But while the book is, as the subtitle says, a story of crime, it’s also, on a quieter level, an exploration of archiving and ownership. At the height of his infamy, Breitwieser viewed himself as an “art liberator.” He believed he could protect and appreciate historical treasures in ways that museums couldn’t. Breitwieser was delusional, obviously, and reckless. He crowded his plunder in a couple of secret attic rooms at his mother’s house, and much of it was later damaged or destroyed. But while he might not ask this explicitly, Finkel, through meticulous research and extensive investigation of trial and interview transcripts, does nudge us to consider: What is the best way to preserve the past? And how should we make it accessible?

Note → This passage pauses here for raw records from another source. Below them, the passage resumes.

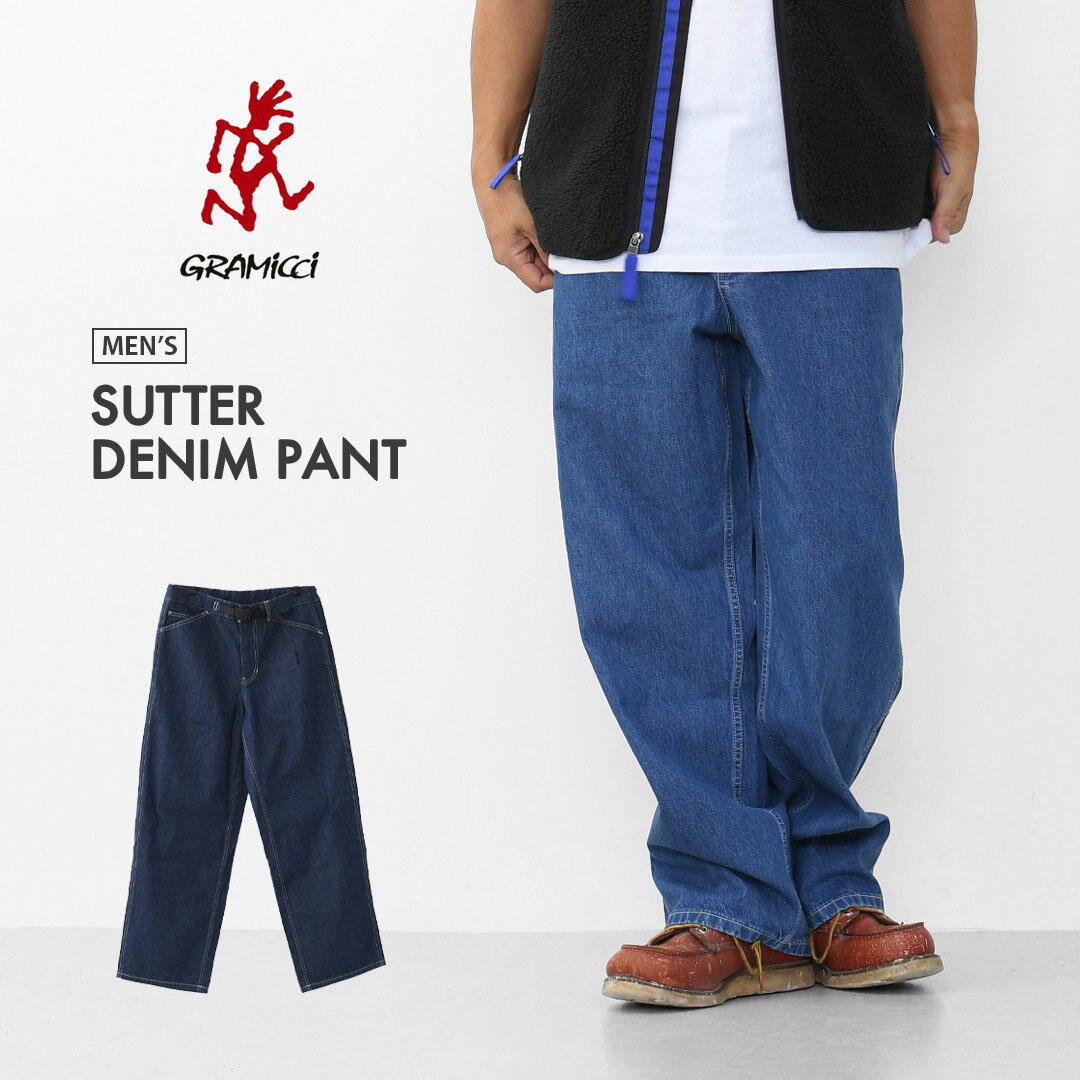 GRAMICCI[グラミチ] SUTTER DENIM PANT [G5FM-P070] サッターデニムパンツ・デニムパンツ・カジュアル・アウトドア・キャンプ・MEN'S [2025AW]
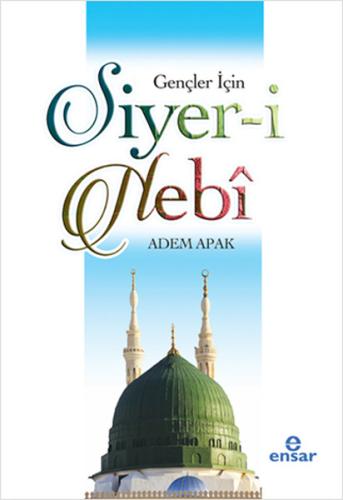 Gençler İçin Siyer-i Nebi | Kitap Ambarı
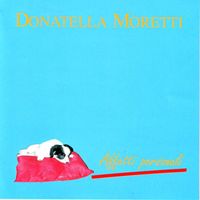 Donatella Moretti - Affetti personali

“The Art Thief” is divided into 38 breezy chapters that trace, in a largely chronological sequence, Breitwieser’s rise and fall. Finkel opens with a vivid account of a 1997 robbery. Breitwieser and Kleinklaus, both 25 years old, are at the Rubens House in Antwerp, Belgium, and have as their target the German sculptor Georg Petel’s 17th-century ivory carving of Adam and Eve. In thrillingly granular detail, Finkel lays out the couple’s methods: Breitwieser surveys the rooms, etching floor designs and escape routes into his mind; when the area thins out, he springs into action, using his Swiss Army knife to unfasten the screws securing the piece; Kleinklaus, the sentinel, offers a faint cough whenever guards or tourists lurk nearby; once the coast is clear again, Breitwieser gets back to work.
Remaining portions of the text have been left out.